Food retail & food service

  • Korean conglomerates are exiting family restaurant businesses and focusing more on home meal replacement (HMR) offerings. Demand for HMR and new F&B services models such as shared kitchens will continue to increase.


  • Korean demand for edtech is growing and the Korean Government plans to invest KRW 1.3 trillion (A$1.5 billion) to digitalise Korean education delivery by 2025. So far, content quality, server issues and copyright have been bottlenecks. According to EdTechX Global, Korea’s edtech market was worth KRW 4.0 trillion (A$4.6 billion) in 2019. Korean edtech is projected to grow substantially in the next three years. 

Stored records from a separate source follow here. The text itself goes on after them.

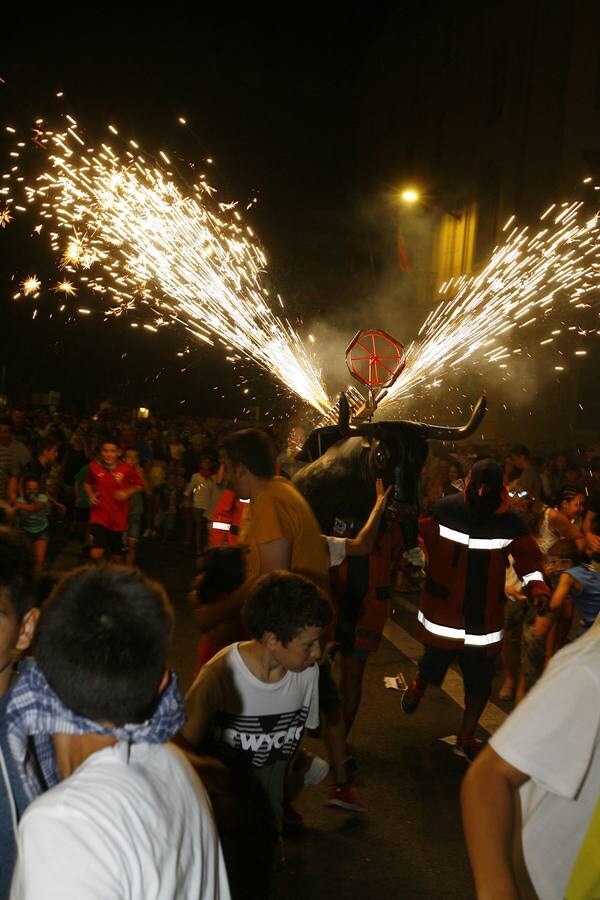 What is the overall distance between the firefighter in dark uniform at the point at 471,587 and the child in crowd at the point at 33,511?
558 cm

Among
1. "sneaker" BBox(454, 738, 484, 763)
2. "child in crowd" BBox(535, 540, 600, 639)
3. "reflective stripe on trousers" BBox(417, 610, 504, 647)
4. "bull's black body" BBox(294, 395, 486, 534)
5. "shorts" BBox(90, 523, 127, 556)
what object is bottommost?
"sneaker" BBox(454, 738, 484, 763)

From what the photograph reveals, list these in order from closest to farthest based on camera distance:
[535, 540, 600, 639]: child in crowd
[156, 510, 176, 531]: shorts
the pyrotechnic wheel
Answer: [535, 540, 600, 639]: child in crowd
the pyrotechnic wheel
[156, 510, 176, 531]: shorts

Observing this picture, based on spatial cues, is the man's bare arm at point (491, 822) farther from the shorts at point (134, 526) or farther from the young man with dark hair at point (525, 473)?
the shorts at point (134, 526)

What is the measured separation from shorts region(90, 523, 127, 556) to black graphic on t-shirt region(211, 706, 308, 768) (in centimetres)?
813

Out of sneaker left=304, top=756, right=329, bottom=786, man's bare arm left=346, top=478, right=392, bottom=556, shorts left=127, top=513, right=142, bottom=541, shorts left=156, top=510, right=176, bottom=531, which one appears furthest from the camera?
shorts left=156, top=510, right=176, bottom=531

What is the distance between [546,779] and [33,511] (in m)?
9.49

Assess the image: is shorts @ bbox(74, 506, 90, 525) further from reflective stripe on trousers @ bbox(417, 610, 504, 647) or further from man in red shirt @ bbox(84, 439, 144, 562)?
reflective stripe on trousers @ bbox(417, 610, 504, 647)

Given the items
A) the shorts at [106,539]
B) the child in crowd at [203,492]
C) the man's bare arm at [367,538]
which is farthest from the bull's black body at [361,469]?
the child in crowd at [203,492]

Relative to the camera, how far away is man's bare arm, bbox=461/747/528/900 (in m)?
1.78

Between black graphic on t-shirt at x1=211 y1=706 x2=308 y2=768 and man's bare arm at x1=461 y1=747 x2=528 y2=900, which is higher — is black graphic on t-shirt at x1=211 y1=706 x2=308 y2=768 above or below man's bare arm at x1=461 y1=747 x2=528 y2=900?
below

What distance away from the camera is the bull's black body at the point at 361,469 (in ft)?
22.7

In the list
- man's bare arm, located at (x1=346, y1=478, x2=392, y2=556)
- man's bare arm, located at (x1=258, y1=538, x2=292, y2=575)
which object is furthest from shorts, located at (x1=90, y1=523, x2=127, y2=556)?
man's bare arm, located at (x1=258, y1=538, x2=292, y2=575)

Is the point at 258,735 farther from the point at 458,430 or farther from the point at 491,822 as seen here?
the point at 458,430

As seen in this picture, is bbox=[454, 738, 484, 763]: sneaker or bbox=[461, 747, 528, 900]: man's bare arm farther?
bbox=[454, 738, 484, 763]: sneaker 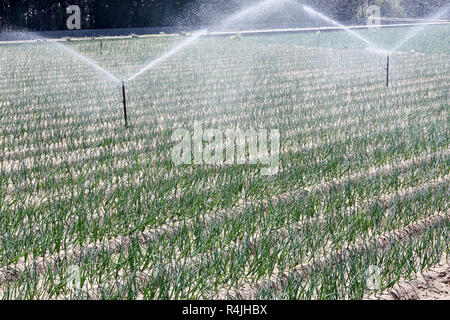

  • Under the Green New Deal project action plan, the Korean government pledged to invest KRW 73.4 trillion (A$85.5 billion) in renewable energy infrastructure and eco-friendly businesses. However, there’s a concern that local companies are relatively new to the green industry and may not be competitive against foreign firms. Australian service providers with expertise in offshore wind, electric vehicle (EV) infrastructure and green building could benefit.

Transport & manufacturing

  • E-scooter and e-bikes are gaining popularity in Korea. The country’s major mobility players – which range from manufacturing (Hyundai Motors), internet (Kakao Mobility) to car-sharing (SoCar) – are investing continuously and conducting trial services to find new business opportunities. Korea’s micro-mobility market is expected to grow 20% on average per year and reach KRW 600 billion won (A$700 million) by 2022.
  • A total of 13 defence acquisition programs are on hold owing to defence budget cuts. These programs are worth KRW 5.6 trillion (A$6.9 billion). If the trend continues, the total number of defence projects on hold is expected to reach 36. Some of the leading programs on hold include P-8A Patrol Aircraft (A$2.3 billion) and B Batch Navy vessels (A$1.5 billion).
  • Korean factories are seeking smart manufacturing technologies. On July 23, the Korean government announced a plan to build 1,000 5G and AI-equipped smart factories by 2025. This follows a 2018 plan to build 30,000 smart factories by 2022, in partnership with the nation’s major manufacturers and telcos. However, there have been concerns that to date, over 80% of the planned transformation related to basic automation as opposed to technologies such as connected data, predictive and prescriptive analytics, and AI-driven automation.
  • Korea is actively looking for investment opportunities that will help the country to diversify input sources for its three key manufacturing industries – semi-conductors, cars and ship-building. The Korean Government’s investment-promotion agency, Invest Korea, is actively helping Korean companies to strengthen the supply security of key materials – especially in the field of mergers and acquisitions.


  • COVID 19 lockdowns have triggered huge demand for Korean consulting firms. The root cause is that major conglomerates are restructuring and devising new growth strategies. There is currently a boom in companies requesting digital transformation advice, and ESG (environmental, social, governance) management-related strategic roadmaps.